▶ [What the task requires] Produce all the records again exactly as they stand.

(Stored data entries)
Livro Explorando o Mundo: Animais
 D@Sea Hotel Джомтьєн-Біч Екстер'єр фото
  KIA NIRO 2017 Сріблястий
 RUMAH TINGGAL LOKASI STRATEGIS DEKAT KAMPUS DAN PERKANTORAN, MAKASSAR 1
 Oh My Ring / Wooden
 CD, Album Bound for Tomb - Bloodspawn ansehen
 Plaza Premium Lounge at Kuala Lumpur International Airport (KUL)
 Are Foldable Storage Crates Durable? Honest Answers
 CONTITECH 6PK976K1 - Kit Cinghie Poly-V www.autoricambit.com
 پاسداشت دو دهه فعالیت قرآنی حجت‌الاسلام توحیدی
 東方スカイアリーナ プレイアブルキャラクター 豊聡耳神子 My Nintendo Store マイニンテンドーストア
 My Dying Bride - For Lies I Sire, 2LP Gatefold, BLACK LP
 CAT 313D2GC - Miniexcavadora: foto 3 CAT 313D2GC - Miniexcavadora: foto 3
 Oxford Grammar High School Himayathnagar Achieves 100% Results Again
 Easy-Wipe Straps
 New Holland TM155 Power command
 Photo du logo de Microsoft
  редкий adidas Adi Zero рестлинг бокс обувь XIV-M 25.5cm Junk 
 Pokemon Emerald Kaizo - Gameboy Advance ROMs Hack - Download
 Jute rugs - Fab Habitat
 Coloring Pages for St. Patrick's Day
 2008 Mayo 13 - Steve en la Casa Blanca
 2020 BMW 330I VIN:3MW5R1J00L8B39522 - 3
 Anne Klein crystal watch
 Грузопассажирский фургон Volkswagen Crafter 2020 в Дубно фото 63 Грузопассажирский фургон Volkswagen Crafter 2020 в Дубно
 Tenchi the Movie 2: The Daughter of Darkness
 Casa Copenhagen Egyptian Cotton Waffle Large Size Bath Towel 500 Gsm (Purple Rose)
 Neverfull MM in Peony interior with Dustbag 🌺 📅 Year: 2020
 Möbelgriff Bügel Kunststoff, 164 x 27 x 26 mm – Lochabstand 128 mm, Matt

▶ [Output of the task]
Livro Explorando o Mundo: Animais
 D@Sea Hotel Джомтьєн-Біч Екстер'єр фото
  KIA NIRO 2017 Сріблястий
 RUMAH TINGGAL LOKASI STRATEGIS DEKAT KAMPUS DAN PERKANTORAN, MAKASSAR 1
 Oh My Ring / Wooden
 CD, Album Bound for Tomb - Bloodspawn ansehen
 Plaza Premium Lounge at Kuala Lumpur International Airport (KUL)
 Are Foldable Storage Crates Durable? Honest Answers
 CONTITECH 6PK976K1 - Kit Cinghie Poly-V www.autoricambit.com
 پاسداشت دو دهه فعالیت قرآنی حجت‌الاسلام توحیدی
 東方スカイアリーナ プレイアブルキャラクター 豊聡耳神子 My Nintendo Store マイニンテンドーストア
 My Dying Bride - For Lies I Sire, 2LP Gatefold, BLACK LP
 CAT 313D2GC - Miniexcavadora: foto 3 CAT 313D2GC - Miniexcavadora: foto 3
 Oxford Grammar High School Himayathnagar Achieves 100% Results Again
 Easy-Wipe Straps
 New Holland TM155 Power command
 Photo du logo de Microsoft
  редкий adidas Adi Zero рестлинг бокс обувь XIV-M 25.5cm Junk 
 Pokemon Emerald Kaizo - Gameboy Advance ROMs Hack - Download
 Jute rugs - Fab Habitat
 Coloring Pages for St. Patrick's Day
 2008 Mayo 13 - Steve en la Casa Blanca
 2020 BMW 330I VIN:3MW5R1J00L8B39522 - 3
 Anne Klein crystal watch
 Грузопассажирский фургон Volkswagen Crafter 2020 в Дубно фото 63 Грузопассажирский фургон Volkswagen Crafter 2020 в Дубно
 Tenchi the Movie 2: The Daughter of Darkness
 Casa Copenhagen Egyptian Cotton Waffle Large Size Bath Towel 500 Gsm (Purple Rose)
 Neverfull MM in Peony interior with Dustbag 🌺 📅 Year: 2020
 Möbelgriff Bügel Kunststoff, 164 x 27 x 26 mm – Lochabstand 128 mm, Matt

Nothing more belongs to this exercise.